# Walnut



## RussellAP (Feb 21, 2012)

I've never worked with walnut before, but I have some nice 15/16 boards about 8' long. 
I keep hearing people say they want to finish walnut and I'm scratching my head. Protect walnut, but how can one stain, or use some color on it? This I don't understand. Walnut is too dark to take anything that would be noticeable and if it did, why even use walnut to begin with.
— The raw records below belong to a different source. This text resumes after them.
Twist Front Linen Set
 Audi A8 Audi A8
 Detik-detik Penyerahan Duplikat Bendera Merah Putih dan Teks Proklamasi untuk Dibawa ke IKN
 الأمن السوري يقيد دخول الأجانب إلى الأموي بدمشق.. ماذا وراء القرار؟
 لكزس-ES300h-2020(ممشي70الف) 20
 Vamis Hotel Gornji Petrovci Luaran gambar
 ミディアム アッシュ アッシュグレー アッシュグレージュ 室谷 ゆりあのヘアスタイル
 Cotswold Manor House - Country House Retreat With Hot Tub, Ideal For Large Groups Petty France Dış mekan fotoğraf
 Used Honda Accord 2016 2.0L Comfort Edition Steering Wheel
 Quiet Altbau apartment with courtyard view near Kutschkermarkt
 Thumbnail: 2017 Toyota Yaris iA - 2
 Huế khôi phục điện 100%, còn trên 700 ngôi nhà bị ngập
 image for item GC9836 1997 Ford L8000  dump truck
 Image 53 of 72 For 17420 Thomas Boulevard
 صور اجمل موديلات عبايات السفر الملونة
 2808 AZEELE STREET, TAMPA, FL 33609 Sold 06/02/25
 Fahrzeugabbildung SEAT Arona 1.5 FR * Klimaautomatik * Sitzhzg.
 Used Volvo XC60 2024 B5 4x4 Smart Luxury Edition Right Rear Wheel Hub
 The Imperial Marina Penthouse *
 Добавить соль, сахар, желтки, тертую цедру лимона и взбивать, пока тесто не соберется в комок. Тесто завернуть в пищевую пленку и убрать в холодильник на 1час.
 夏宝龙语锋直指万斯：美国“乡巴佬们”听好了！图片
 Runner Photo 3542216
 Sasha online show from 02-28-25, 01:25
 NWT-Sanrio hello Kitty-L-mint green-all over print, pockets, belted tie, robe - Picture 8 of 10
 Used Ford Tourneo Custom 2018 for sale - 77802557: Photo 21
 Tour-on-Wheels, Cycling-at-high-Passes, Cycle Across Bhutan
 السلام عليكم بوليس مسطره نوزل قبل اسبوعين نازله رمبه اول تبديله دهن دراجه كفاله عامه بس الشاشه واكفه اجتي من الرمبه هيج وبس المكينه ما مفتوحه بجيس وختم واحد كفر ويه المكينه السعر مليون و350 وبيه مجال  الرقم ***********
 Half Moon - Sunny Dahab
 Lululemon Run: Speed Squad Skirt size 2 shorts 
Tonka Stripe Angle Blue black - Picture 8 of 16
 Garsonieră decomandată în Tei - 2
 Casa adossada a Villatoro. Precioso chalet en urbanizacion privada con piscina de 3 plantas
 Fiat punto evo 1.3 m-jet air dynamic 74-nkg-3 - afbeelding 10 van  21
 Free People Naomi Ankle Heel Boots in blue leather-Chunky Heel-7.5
So when you say, 'finish' on walnut, you're referring to protection….right?


----------



## ShaneA (Apr 15, 2011)

I use pure tung oil/mineral spirits on walnut all the time Russ. Deepens the color, pops the grain. Then, once dry a clear coat of poly or lacquer on top of that.


----------



## JesseTutt (Aug 15, 2012)

There are color variations between heartwood and sapwood. Sometimes you need stain to make everything match.


----------



## CharlieM1958 (Nov 7, 2006)

Russell, walnut is a tricky wood that should only be finished by those having experience with it. Give me your address and I will have it taken off your hands immediately. 

Seriously, no…. you don't really want to stain it. There are any number of clear finishes that will work wonderfully to bring out the beauty of walnut. Danish oil, boiled linseed oil, oil based polyurethane, water based polyurethane…. just to name a few.

You will hear strong opinions for and against various finishes for walnut. I highly recommend you experiment and find what you like best


----------



## hhhopks (Nov 22, 2011)

Rus,
Wake up. How can you possibly not know about walnut?
You need to start working with it.
Walnut is one of the exotic wood that is highly valued (from worldwide perspective). Perhaps we may over looked it. It is very common in your area and often is available dirt cheap. You can easily find walnut for less than $4.00/bft. CL often show people selling if for $2.50 or less.

HHH OPKS


----------



## Lumber2Sawdust (Jul 22, 2010)

Since this is the internet, somebody has to have an opposing opinion!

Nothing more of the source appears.